● PROBLEM DESCRIPTION:
The answer must be an exact copy of the lines from the one with "Double Rhythm 0.5" through the final line of the records below, with no pictures.
..........
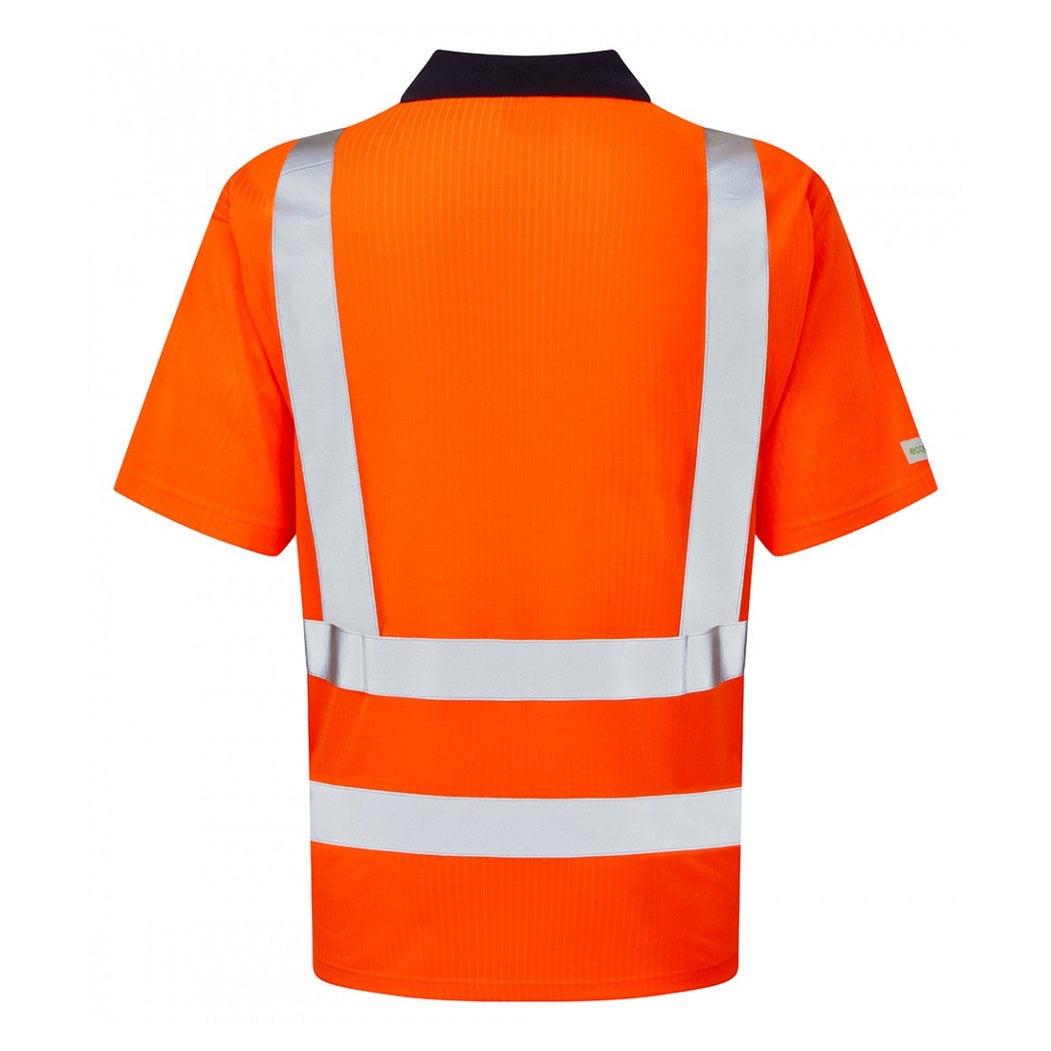 Leo Workwear CROYDE EcoViz Comfort Polo Shirt Hi-Vis Orange S-6XL UPF 40+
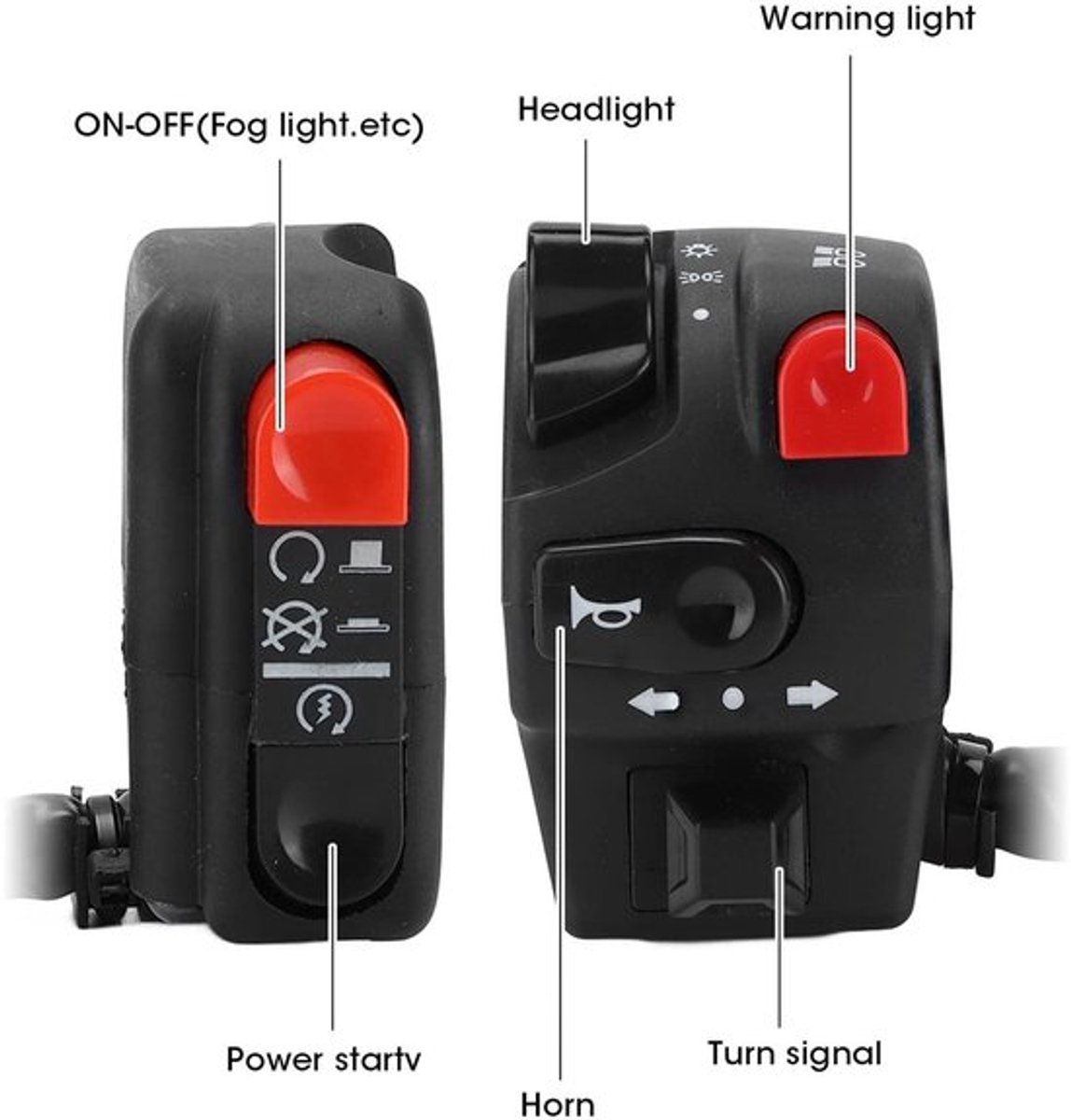 Dailygoods - Stuur Controller Schakelaar - Motorfiets - Hoogwaardige kwaliteit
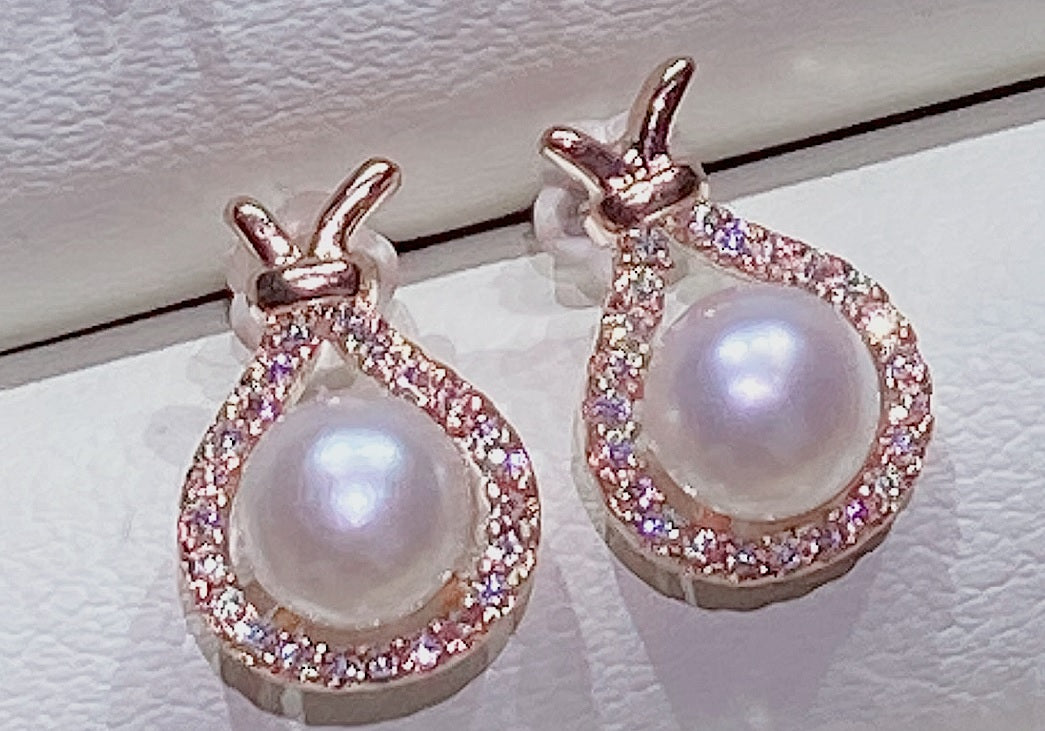 Golden Sacks Pearls Earrings
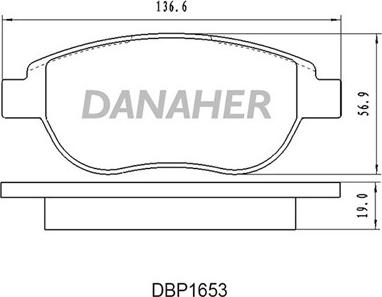 Danaher DBP1653 - Гальмівні колодки, дискові гальма autocars.com.ua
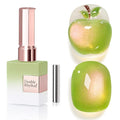 Double Rhythm 0.5 OZ Cat Eye Gel Polish with Magnet 15ML Holographic Glitter Shimmer Translucent Jelly Color Magnetic Nail Polish Salon DIY at Home (Green Pink-MC1214)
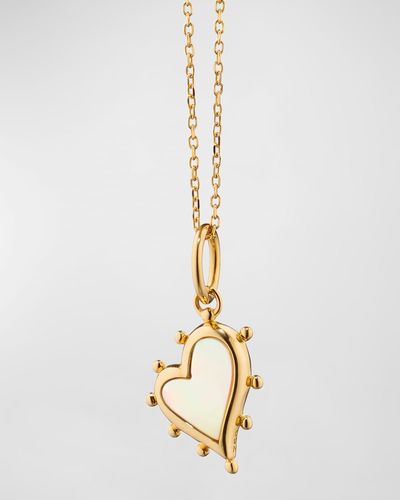 18K Yellow Gold “Olivia” Gold Locket Necklace with White Diamonds - Gold Locket Necklaces by Monica Rich Kosann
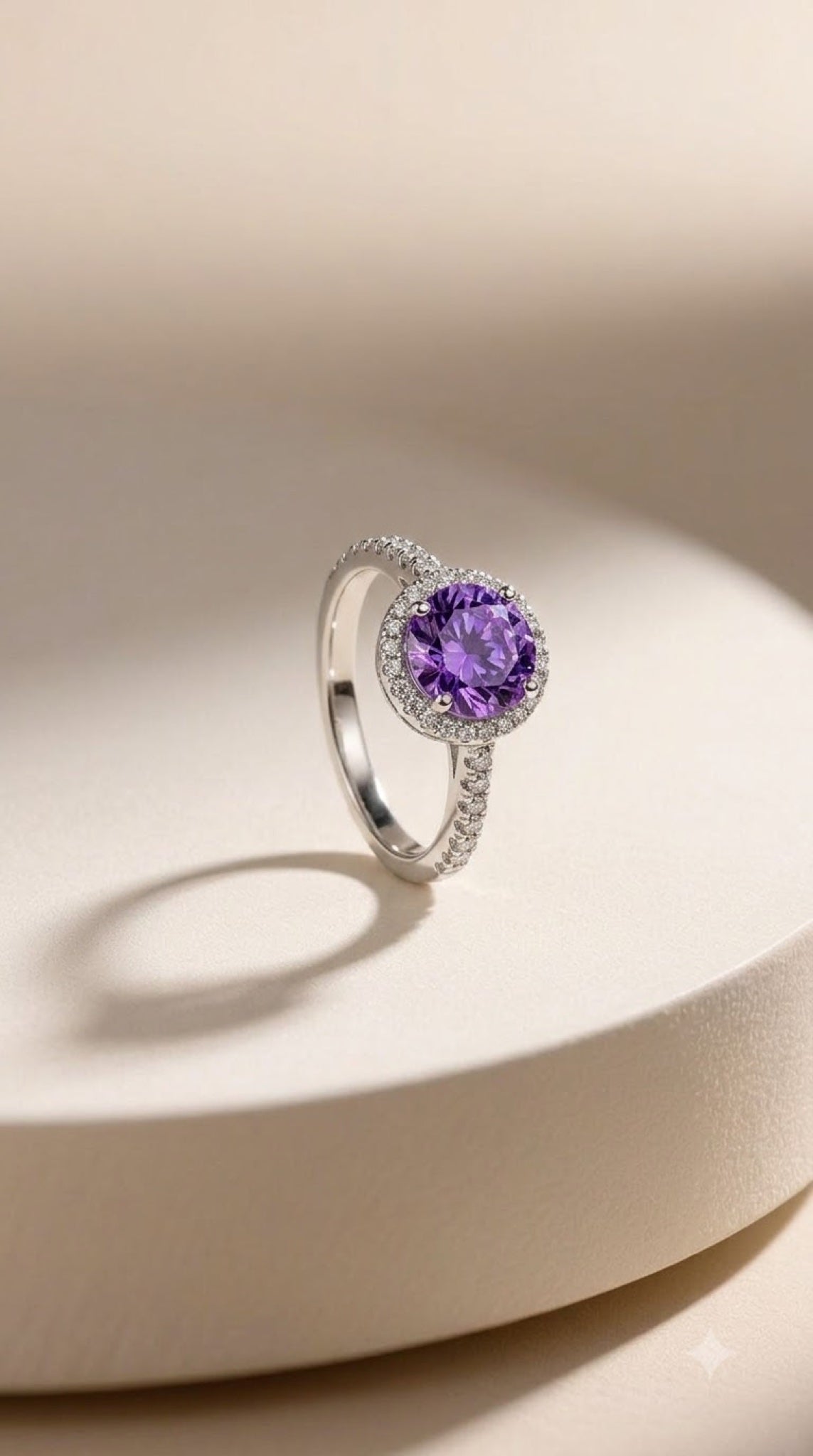 Silver-tone halo ring with a crystal centre stone, diamond-look halo and pavé band - view 2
..........
● RESULT BELOW:
 Double Rhythm 0.5 OZ Cat Eye Gel Polish with Magnet 15ML Holographic Glitter Shimmer Translucent Jelly Color Magnetic Nail Polish Salon DIY at Home (Green Pink-MC1214)
 18K Yellow Gold “Olivia” Gold Locket Necklace with White Diamonds - Gold Locket Necklaces by Monica Rich Kosann
 Silver-tone halo ring with a crystal centre stone, diamond-look halo and pavé band - view 2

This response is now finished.